Data provided –
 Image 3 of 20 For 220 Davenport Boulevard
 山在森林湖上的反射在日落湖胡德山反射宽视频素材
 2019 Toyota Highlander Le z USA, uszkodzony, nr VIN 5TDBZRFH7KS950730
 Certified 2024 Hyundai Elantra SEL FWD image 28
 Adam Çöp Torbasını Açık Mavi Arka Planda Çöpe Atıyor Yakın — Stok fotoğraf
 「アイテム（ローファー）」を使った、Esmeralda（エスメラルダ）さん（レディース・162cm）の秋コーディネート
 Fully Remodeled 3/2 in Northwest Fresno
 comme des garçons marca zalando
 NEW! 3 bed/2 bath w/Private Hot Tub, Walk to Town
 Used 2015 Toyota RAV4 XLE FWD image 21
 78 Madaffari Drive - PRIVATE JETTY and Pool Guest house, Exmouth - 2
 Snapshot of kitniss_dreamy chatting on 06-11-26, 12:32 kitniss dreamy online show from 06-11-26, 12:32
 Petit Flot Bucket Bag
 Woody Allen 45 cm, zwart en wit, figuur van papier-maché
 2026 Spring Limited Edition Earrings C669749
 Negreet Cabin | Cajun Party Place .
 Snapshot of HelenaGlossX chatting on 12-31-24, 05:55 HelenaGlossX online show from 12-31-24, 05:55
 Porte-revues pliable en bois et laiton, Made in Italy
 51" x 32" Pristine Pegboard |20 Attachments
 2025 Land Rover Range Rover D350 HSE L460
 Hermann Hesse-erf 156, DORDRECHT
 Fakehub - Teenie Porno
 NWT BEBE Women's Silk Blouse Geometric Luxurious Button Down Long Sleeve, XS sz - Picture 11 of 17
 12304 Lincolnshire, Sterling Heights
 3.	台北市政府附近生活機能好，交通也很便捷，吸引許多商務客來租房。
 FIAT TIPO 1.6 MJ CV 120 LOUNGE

Instructions to follow – From the entries above, restate word for word the lines from the line containing "2019 Toyota Highlander" to the line containing "Woody Allen 45", both ends included, and nothing more.

Worked solution –
 2019 Toyota Highlander Le z USA, uszkodzony, nr VIN 5TDBZRFH7KS950730
 Certified 2024 Hyundai Elantra SEL FWD image 28
 Adam Çöp Torbasını Açık Mavi Arka Planda Çöpe Atıyor Yakın — Stok fotoğraf
 「アイテム（ローファー）」を使った、Esmeralda（エスメラルダ）さん（レディース・162cm）の秋コーディネート
 Fully Remodeled 3/2 in Northwest Fresno
 comme des garçons marca zalando
 NEW! 3 bed/2 bath w/Private Hot Tub, Walk to Town
 Used 2015 Toyota RAV4 XLE FWD image 21
 78 Madaffari Drive - PRIVATE JETTY and Pool Guest house, Exmouth - 2
 Snapshot of kitniss_dreamy chatting on 06-11-26, 12:32 kitniss dreamy online show from 06-11-26, 12:32
 Petit Flot Bucket Bag
 Woody Allen 45 cm, zwart en wit, figuur van papier-maché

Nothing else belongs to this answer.